Can we possibly ever get back to considering, searching for, a moral imperative...

I closed the evening’s reading with a question of my own.  Can anything be more absurd than the creation of a formal religion around the life and teachings of a kind, gentle, person and imbed in it the caveat that if a person believes in the teachings of some other religion, he/she is damned to hell?

Wednesday, August 22, 2012

North Park
Across the street from Fatboy’s... well, not directly across the street, and it’s not just any street... it’s the famous, the notorious University Avenue... the street that runs all the way from Mission Hills to La Mesa. The place I’m trying to call your attention to is catty-corner across and down University to the east from Fatboy’s.  It’s called Splash... down the street from Wangs which is around the corner from a whimsical mural.  You can't miss it.  Splash is a wine bar.  They make a good sangria... But that’s not the reason I went there this afternoon.  I went there because my artist friend Clyde Yoshida’s paintings are hanging all over the place. I probably should say that the very nice young woman at Splash says it’s not a bar but a lounge.  Splash Wine Lounge.  The category is “wine bars” if you search Google for it, but they insist it's not a bar.  It’s between Ohio Street and Grim Avenue.  I have no idea... and I don’t even want to know... why it’s called Grim Avenue... There’s nothing grim about it... The question that came to mind as I looked at the street signs this afternoon was why Ohio is a street and Grim and University are avenues... And why not boulevard?  Why can’t Grim be a boulevard and Ohio an avenue? ... and why isn't Splash a bar? Is it a size thing? Does size matter in this part of San Diego? I don’t think so... there’s no appreciable difference in the sizes of Ohio Street and Grim Avenue. Whatever!  You can see Clyde’s paintings at 3043 University Avenue.

Tuesday, August 21, 2012

Patrick, Jeremy and I did the thirty-eight mile bike ride
around San Diego Bay... Beginning at my house
we got to the Ferry Landing in time
to catch the 8:15 boat to Coronado. 
It's Tuesday, and I was reminded the whole way
that the world is kept going by people who work.

The South Bay Salt Works

A paycheck is important.
A good boss is nice.
Benefits... Yes!

That’s not all there is to it.
Pity the person who
Doesn’t know

The honor of work...

Monday, August 20, 2012

And in the Davids' Back Yard...

Over the pool one flitted...
...flirting, I guess...
Soon the other came
and they did a dance
in air...

And then...
Well, what can I say!
I caught them doing it.

Okay, Okay... I admit it...
I’m caught...
It’s confirmed...
I’m a voyeur.

I didn’t turn away.

Sunday, August 19, 2012

I remember, not just vaguely, but very well
a place in the woods where I went as a boy...
a secret place, of course, known to anybody
who had the inclination to walk among ticks
and chiggers and the possibility of snakes...

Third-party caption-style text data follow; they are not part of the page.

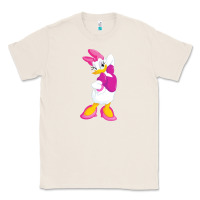 Natural daisy duck Classic Tee - baoMotion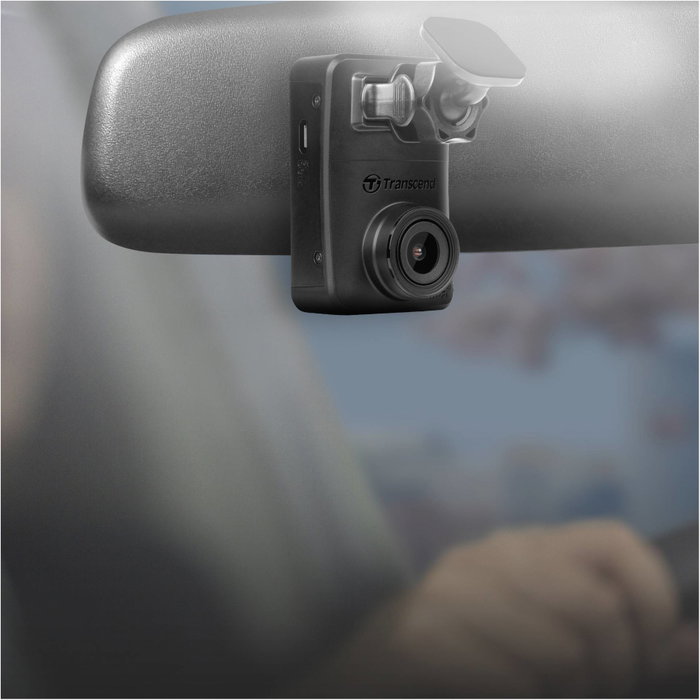 Transcend DrivePro 10 Dashcam con microSDHC de 32 GB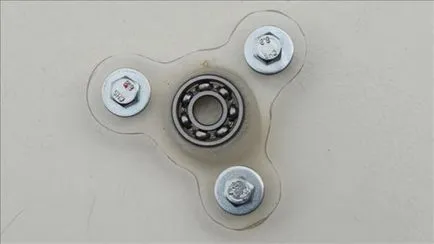 spinner magnetic - invenție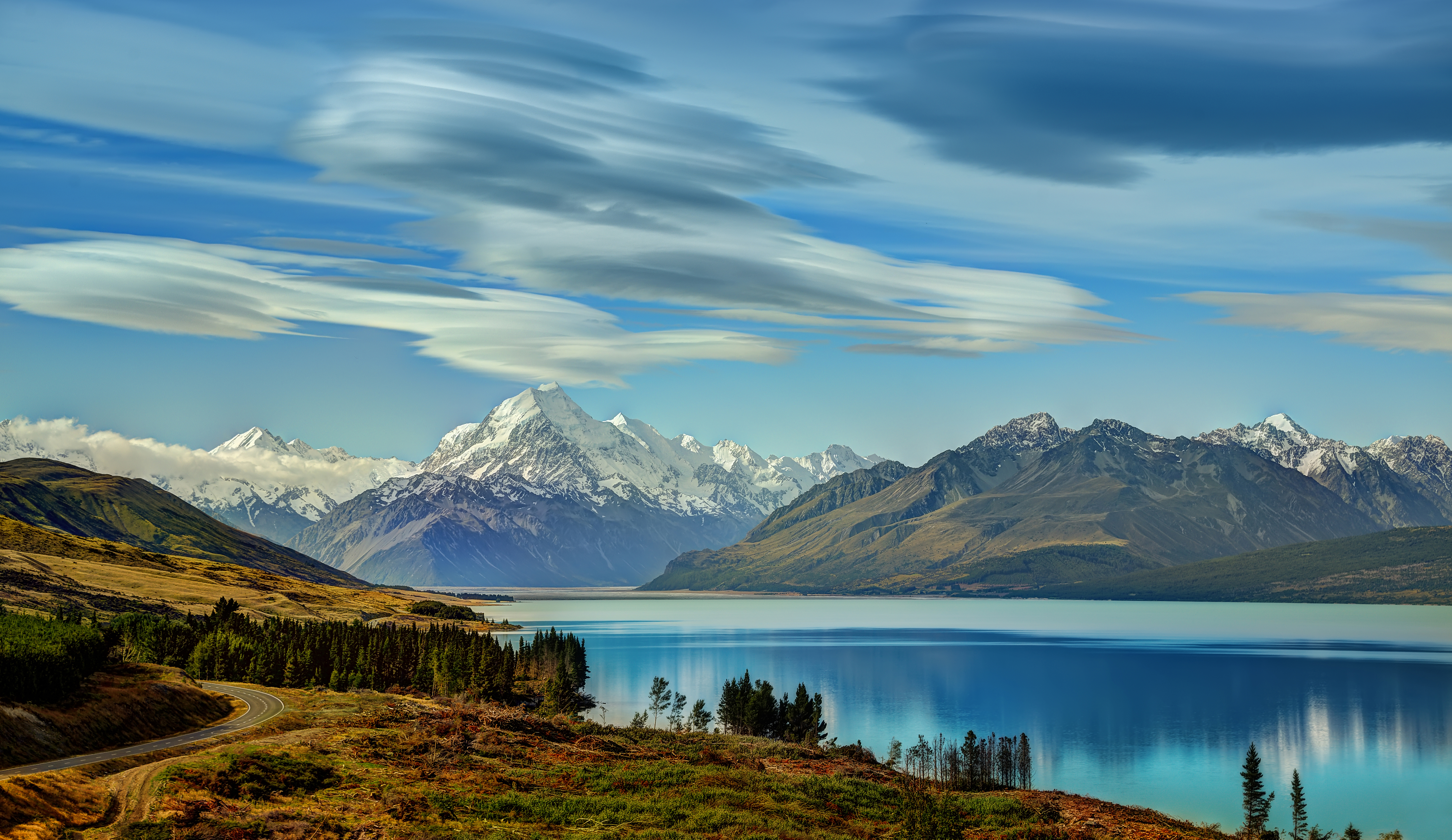 Aoraki/Mount Cook Wallpapers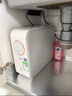 沁园（TRULIVA）净水器家用小白鲸1000Gpro 6年RO过滤器净水机 厨下式直饮机净饮机一体机 UR-S51045家电国家补贴 实拍图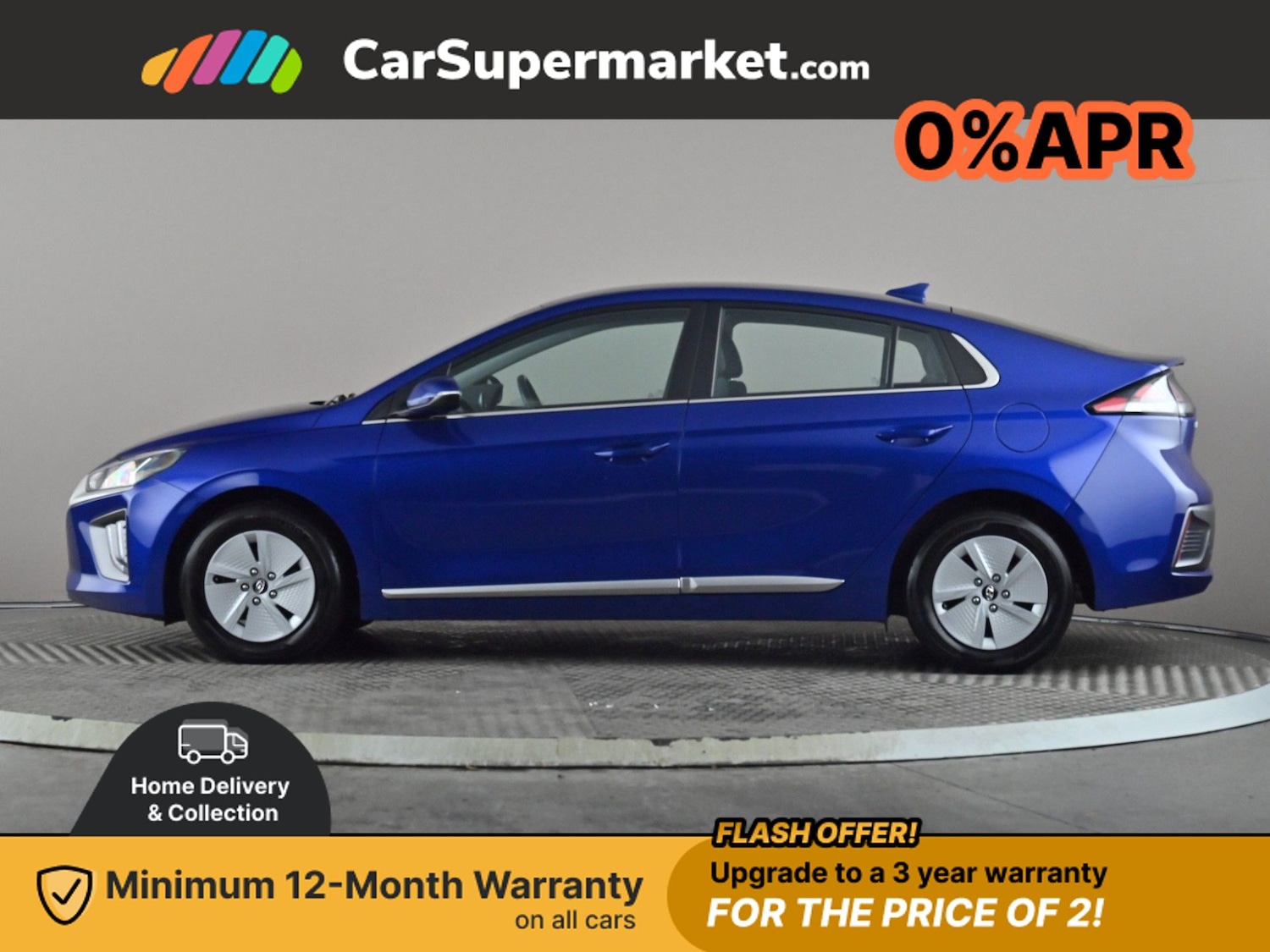 Used Hyundai IONIQ 2022 for sale - 76798349: Photo 3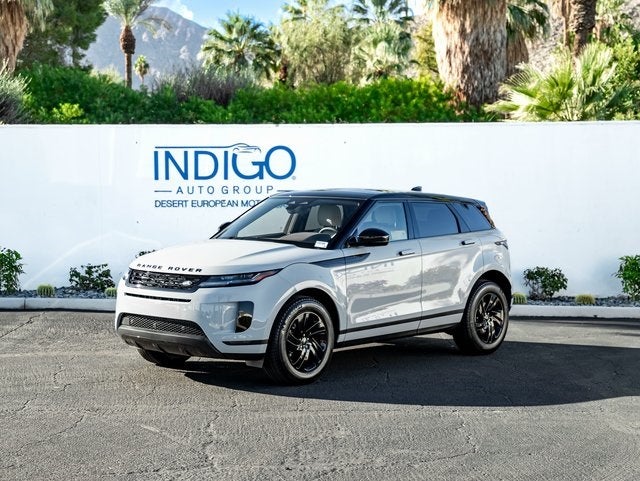 2026 Land Rover Range Rover Evoque S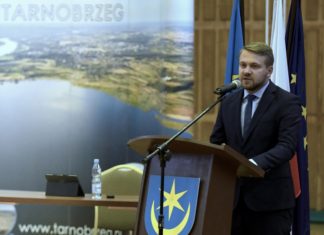 2020.07.30 – WICEMINISTER KLIMATU W TARNOBRZEGU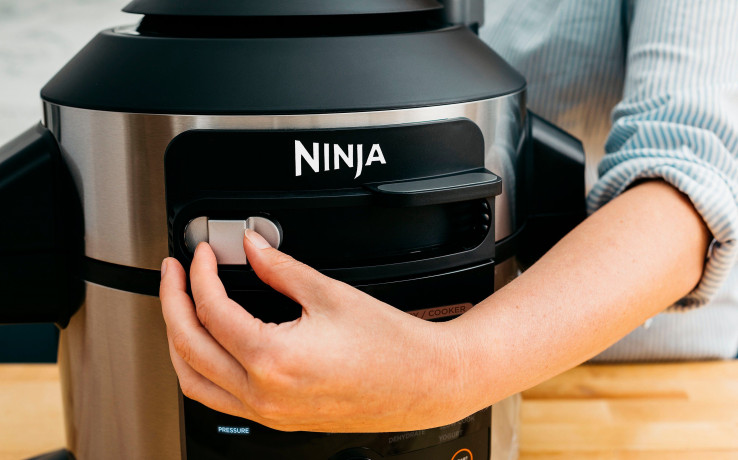 NINJA NINJA Reiskocher OL650EU Foodi Max 12-in-1  Рисоварка NINJA OL650EU Foodi Max 12-в-1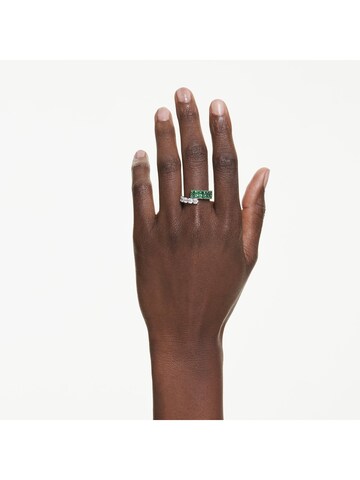 Swarovski Ring in Grün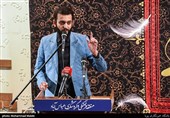 روضه‌خوانی شاعران| ترانه‌ای تقدیم به حضرت محسن (ع) + فیلم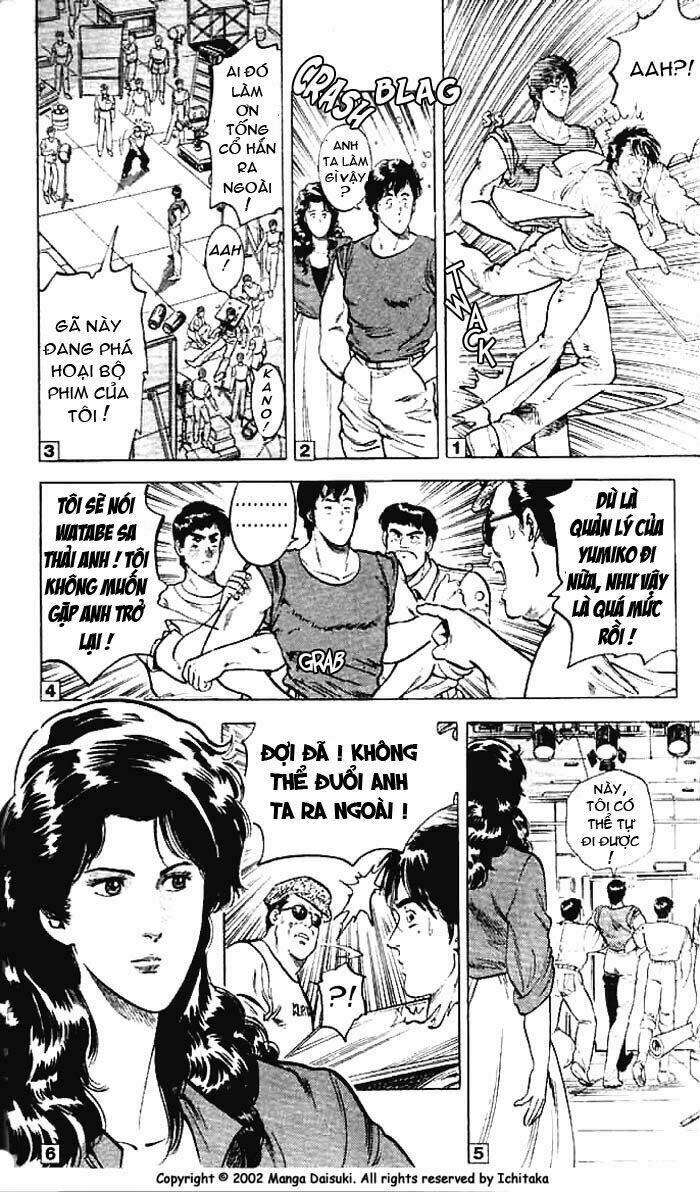 city hunter chapter 11.1 19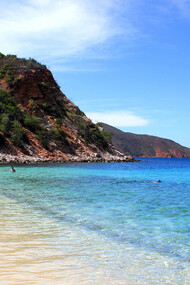 Bahía de Mochima, Venezuela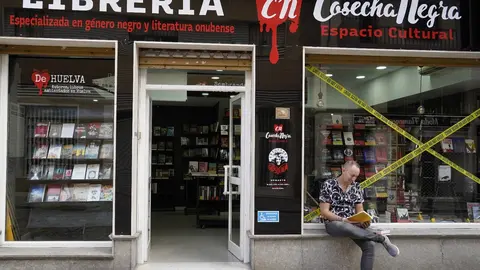 Librer&iacute;a Cosecha Negra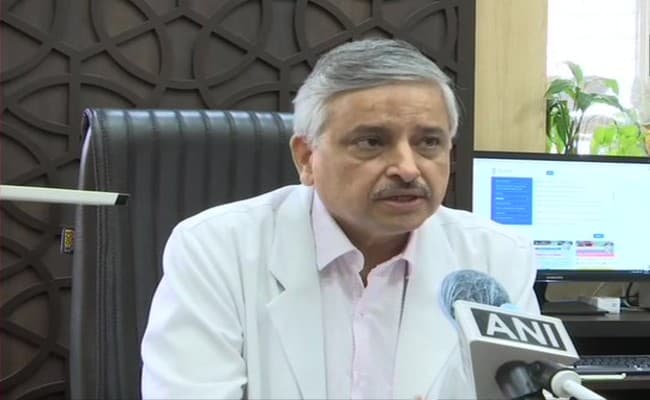 AIIMS के निदेशक रणदीप गुलेरिया ने कहा- हाइड्रोक्सिक्लोक्विन से हर किसी का इलाज नहीं हो सकता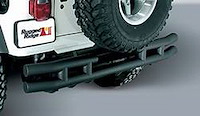 REAR TUBE BUMPER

But nobody ever ventured there unless invited...
It was my secret spot... a sacred still retreat
beneath the trees beside a murmuring brook.
I did not know then what I know now...that God
is known to children who learn what sacred is

When they discover in themselves a being
rare that can’t be shared... that stays hidden...
that connects with something beyond itself...
that self eternal without regard to time or space,
recognized then and now as who it really is.